The key data shows the probability of a young person receiving the “definitive” grade. The “definitive” grade is defined as that which the Chief Examiner would award. The research looks at a range of popular subjects across the 2017 GCSEs, AS Levels and A Levels. It is important to note that this is qualification-level data with only results from samples of components or modules within a qualification (eg: paper 1 in a two-paper exam) being investigated.
There is an extremely wide variation in reliability of grading between subjects and, in particular, an unacceptably low percentage of reliable grades in humanities subjects (disproportionately taken by girls). This includes core subjects.

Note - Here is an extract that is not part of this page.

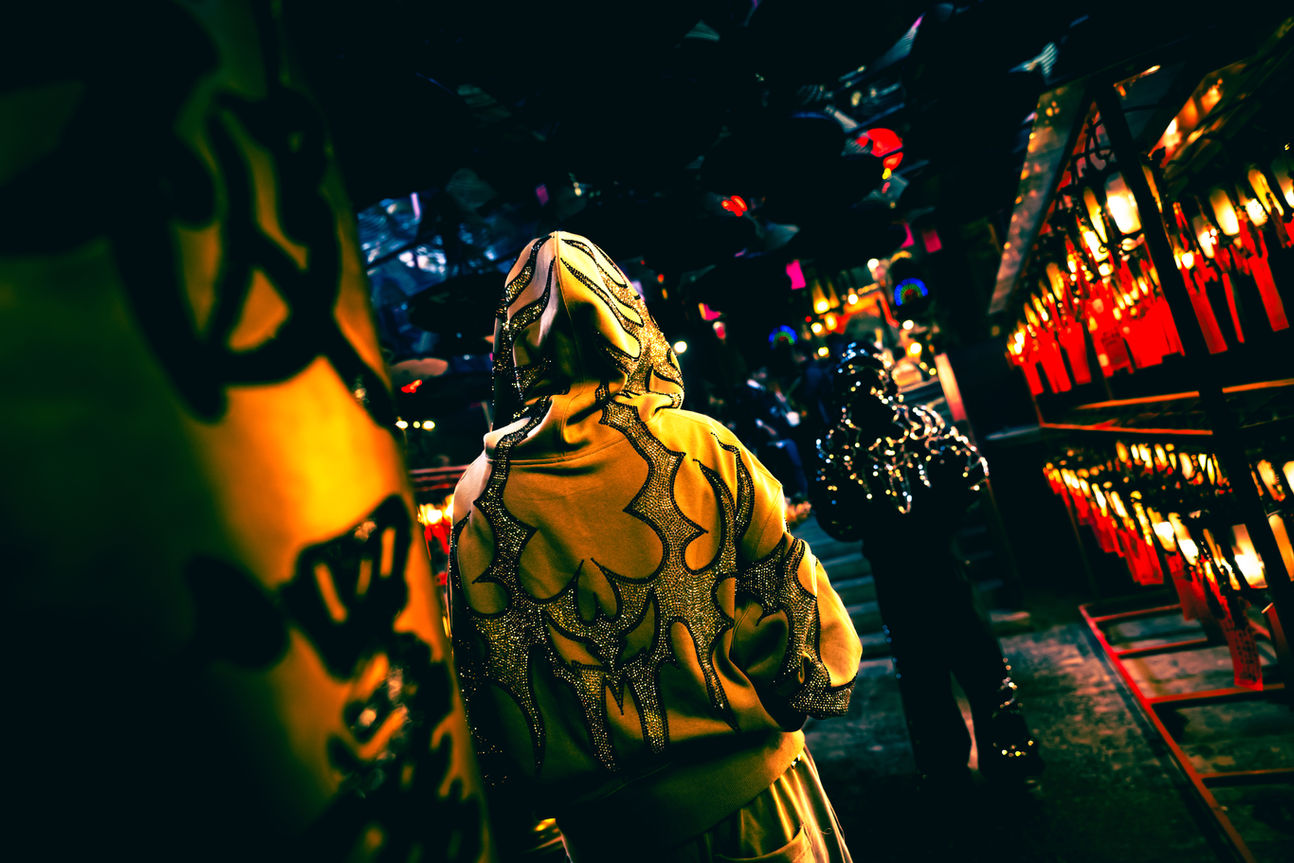 Rear view of a designer hoodie featuring intricate silver stud details, set against a background of blurred red temple lights and dark architecture. High-contrast fashion photography showcasing the texture and quality of the fabric.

For example, the probability of receiving the definitive/correct grade is reported as:
History: approx 56%
English Literature: approx 58%
On average, approximately a quarter of grades are unreliable according to Ofqual’s methodology; one in four for girls and one in five for boys. This amounts to millions of grades over time. In my opinion these findings are nothing short of scandalous.
Interpreting the graph:
The vertical axis represents a mix of A Level, AS and GCSE subjects from Summer 2017. These are therefore a mix of linear and modular qualifications;
The horizontal axis (0.0 to 1.0) represents 100 children, or 100%;
The key information lies in the dark blue boxes, which represent the actual qualification level results obtained in each subject;
Follow the vertical line within the dark blue box to the horizontal bar below to discover the probability of a grade awarded in that subject being the same as the grade awarded by the Chief Examiner.
Figure 1 : Marking Consistency Metrics, an update, (p21, fig 12)
Teachers that there can never be a definitive right mark for any answer, especially in Humanities subjects. A range of possible marks might be correct, therefore Ofqual introduced tolerances. Externally, this has been referred to as “fuzzy marking within hard grade boundaries”.
Headmasters have consistently maintained that the large-scale allocation of unreliable grades among candidates is random, arbitrary and unfair, and have reminded Ofqual of its regulatory duty to report accurately the achievement of each candidate and introduce positive regulatory reform. Given the high stakes for individuals reliant on grades to progress to A Level or university study, there is, at least, a need to educate schools, Higher Education and employers about their reliability.
In recent years Ofqual have introduced a number of rule changes designed to discourage pupils from appealing their results. This strategy has been very successful but cannot hide the fact that exam marking is inaccurate. In the summer of 2018, research suggests that 5.5% of all GCSE grades were challenged and 1.1% of grades awarded were changed. This represents a staggering total of 67,195 increases by one grade and 1,660 increases by two or more grades.